- [Work to complete]:
In your copy, leave out the pictures and reproduce the listing below exactly.

- [Data records]:
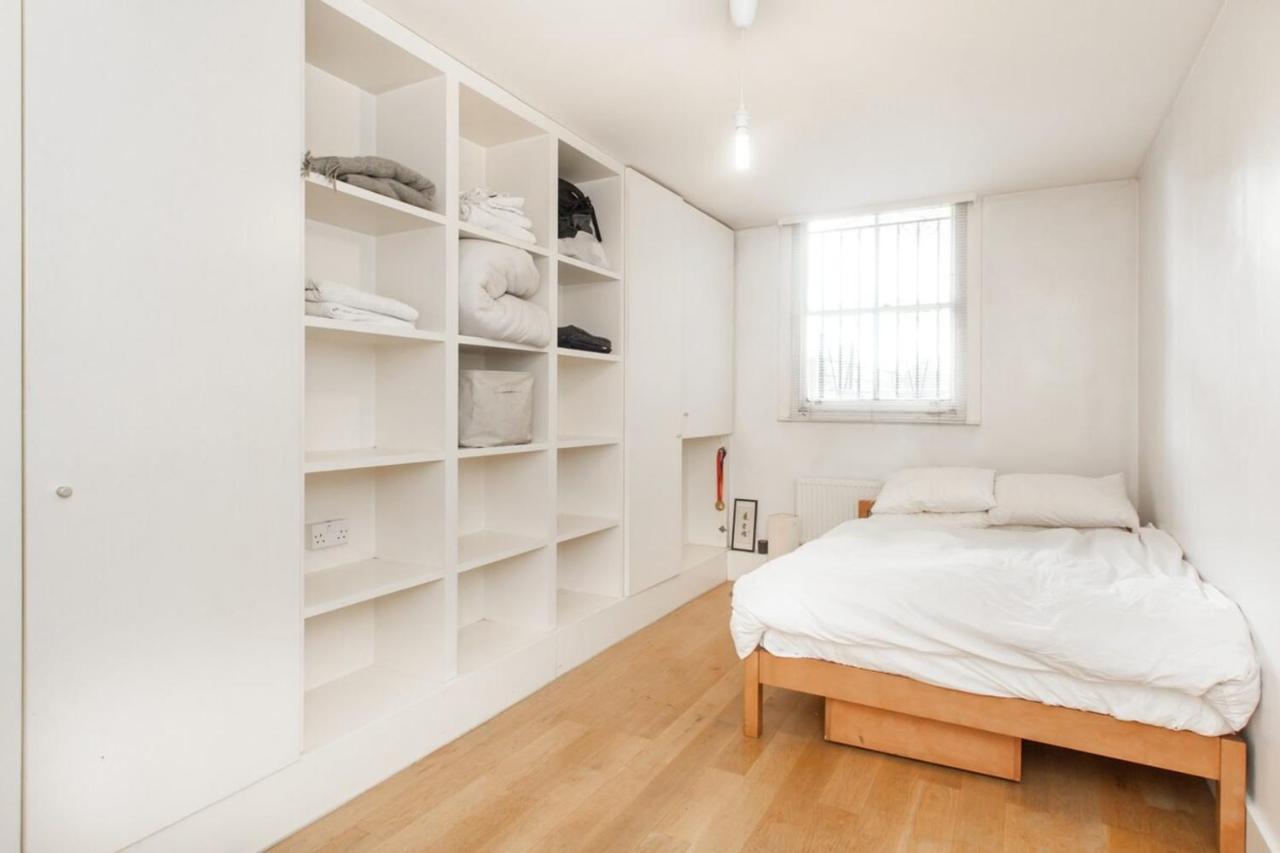 Bright 1 Bedroom Flat In The Heart Of Hoxton And Shoreditch * Londen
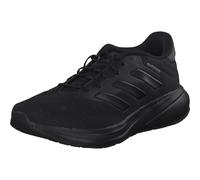 adidas Scarpe Unisex Response Runner U, Cblack Cblack Carbon, 40 2/3 EU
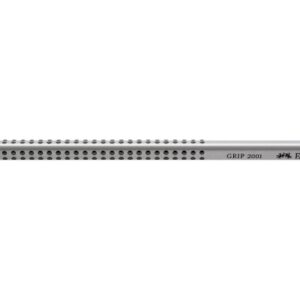 FABER-CA. Bleistift GRIP 2001         2B 117002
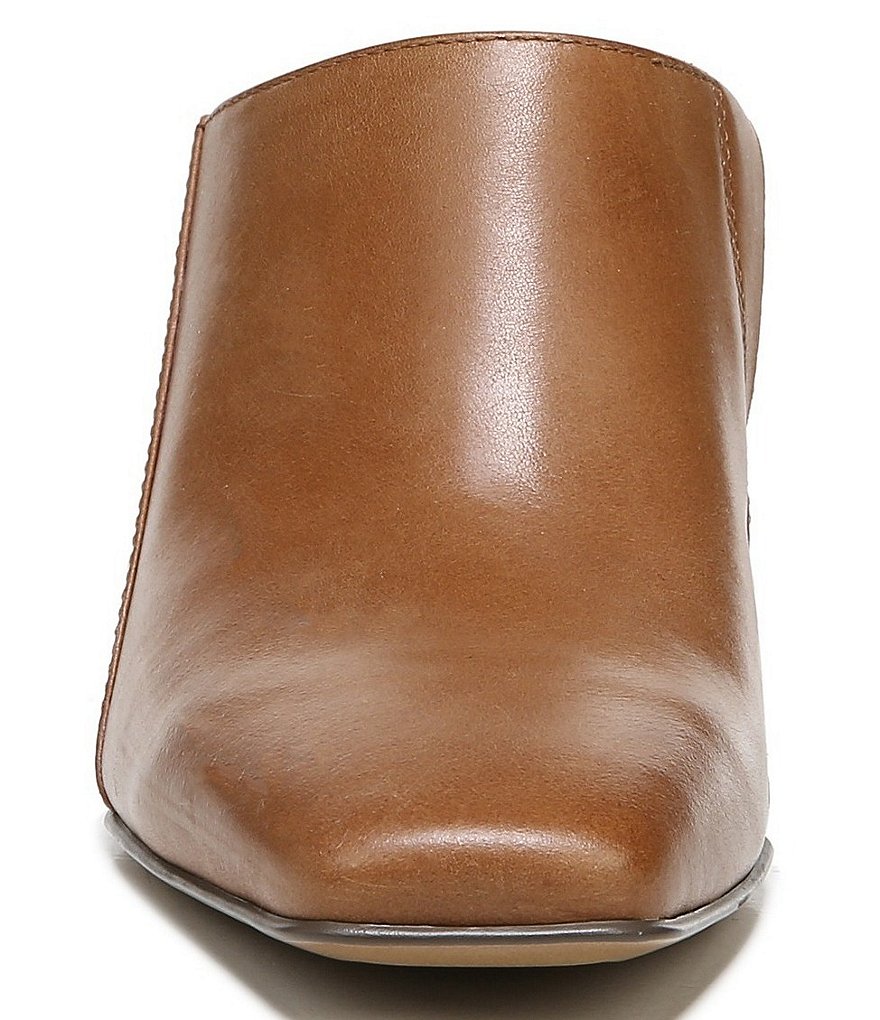 Dansko Lucie Wool Slip-On Clogs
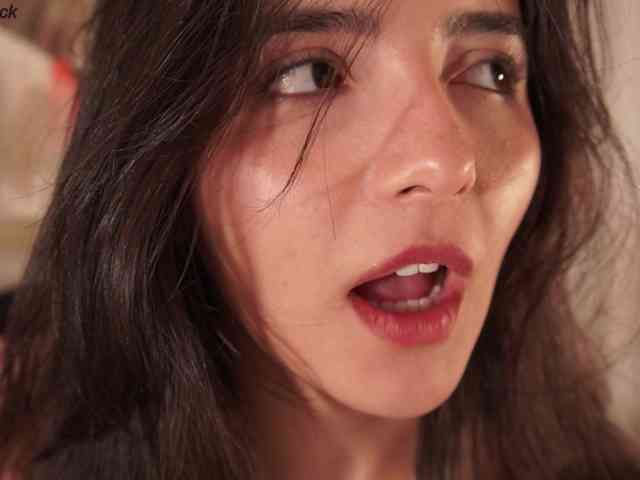 Raychell_Black webcam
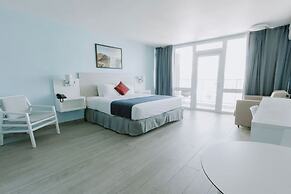 ESJ Beach Hotel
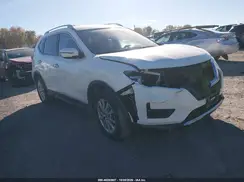 KNMAT2MV5JP563423 2018 NISSAN ROGUE
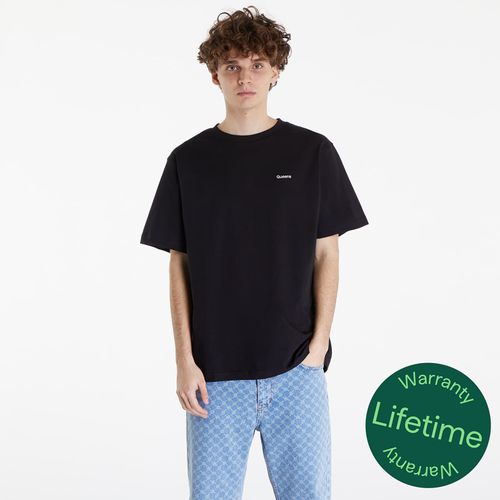 T-shirt Men's Essential T-Shirt With Contrast Print S - Queens - Modalova
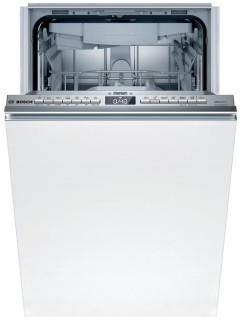 

Встраиваемая посудомоечная машина Bosch SPV4HMX1DR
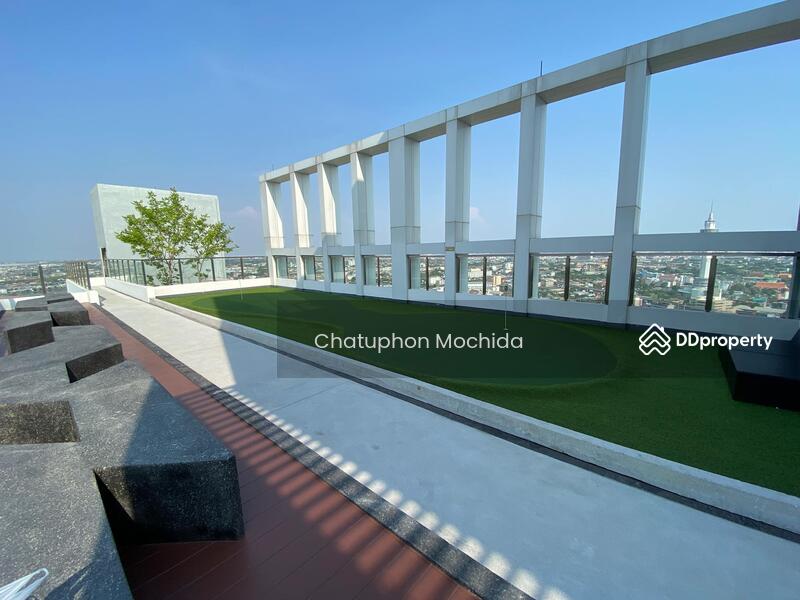 For Sale - Knightsbridge Sky River Ocean, Samut Prakan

- [Response]:
 Bright 1 Bedroom Flat In The Heart Of Hoxton And Shoreditch * Londen
 adidas Scarpe Unisex Response Runner U, Cblack Cblack Carbon, 40 2/3 EU
 FABER-CA. Bleistift GRIP 2001         2B 117002
 Dansko Lucie Wool Slip-On Clogs
 Raychell_Black webcam
 ESJ Beach Hotel
 KNMAT2MV5JP563423 2018 NISSAN ROGUE
 T-shirt Men's Essential T-Shirt With Contrast Print S - Queens - Modalova

Встраиваемая посудомоечная машина Bosch SPV4HMX1DR
 For Sale - Knightsbridge Sky River Ocean, Samut Prakan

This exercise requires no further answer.